Я делаю это, чтобы не повторить ошибку Довлатова (я считаю это ошибкой), который настолько любил все эти детали, что сейчас его не может читать мой младший брат, которому 22 года. Я даже не употребляю слова, которые в нашем языке ненадолго существуют. У моего дедушки дома стояло большое радио, в котором был зеленый огонек, и была панель, по которой можно было крутить, и там ползала красная полосочка. Почти у всех, у бабушек, прабабушек, были такие радио, у многих они остались. Написал бы я, что это был ВЭФ, или РИГА, или РАДИОТЕХНИКА-727 – все! Все. Но мне все пишут эти свои «727»! Если это делает профессиональный человек, это меня не радует.
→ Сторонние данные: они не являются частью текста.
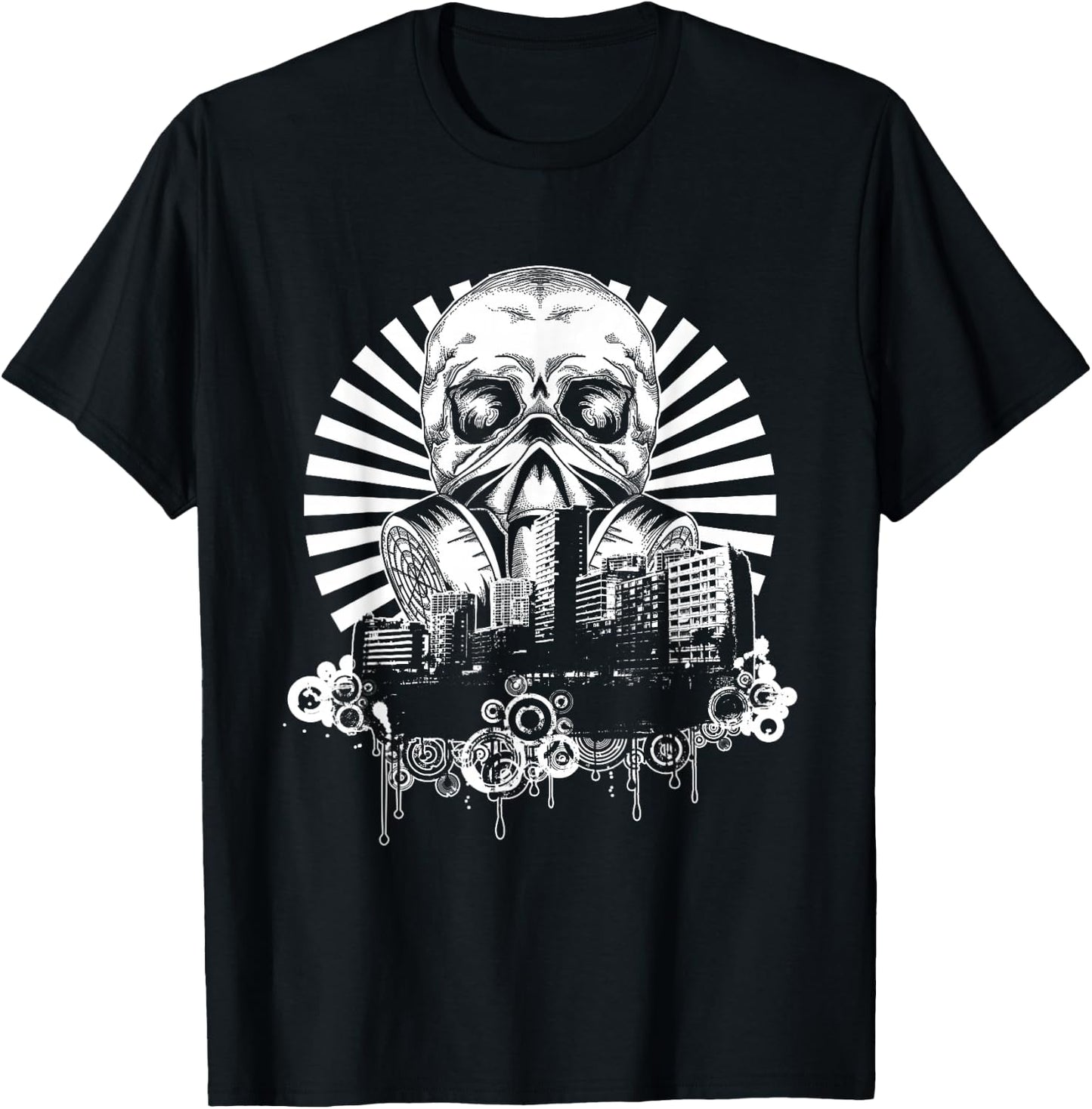 Graffiti Art Urban Skull Gas Mask Graffiti Artist Rap Gift T-Shirt - T-Shirt | Black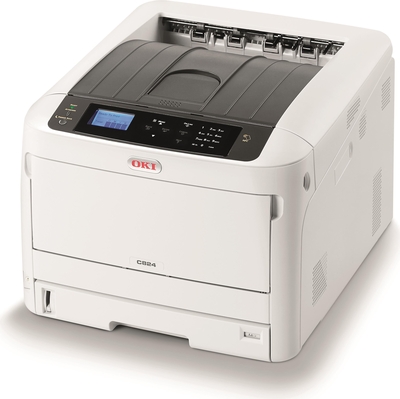 OKI C824dn Dublex Network Colour Laser Printer (47228002) - 2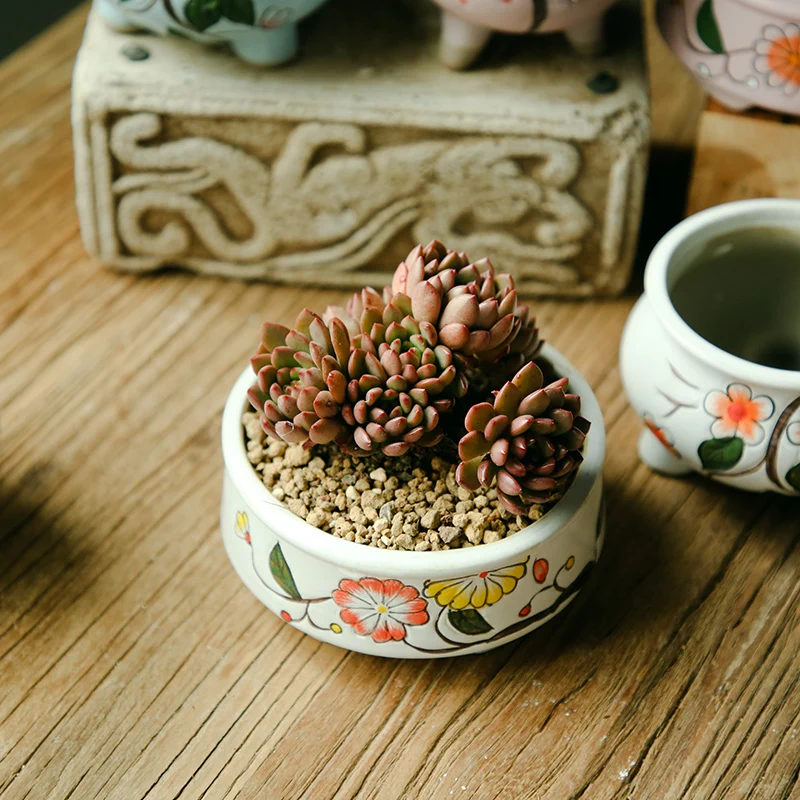 Керамические горшки Porcupine корейские расписанные вручную креативные ретро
Зато радует, когда сочинения пишут обычные зрители или читатели.

А когда человек пришел после спектакля и сел, написал мне такое сочинение и прислал мне его в Интернете, или передал в виде каких-то листочков после спектакля – ну, произошло радостное. Человек, во-первых, почувствовал, что он тоже может писать не хуже. Это хорошо, это дает человеку уверенность. И главное, он ощутил свою жизнь ничуть не менее значительной, чем ту, о которой он услышал или прочитал в книжке.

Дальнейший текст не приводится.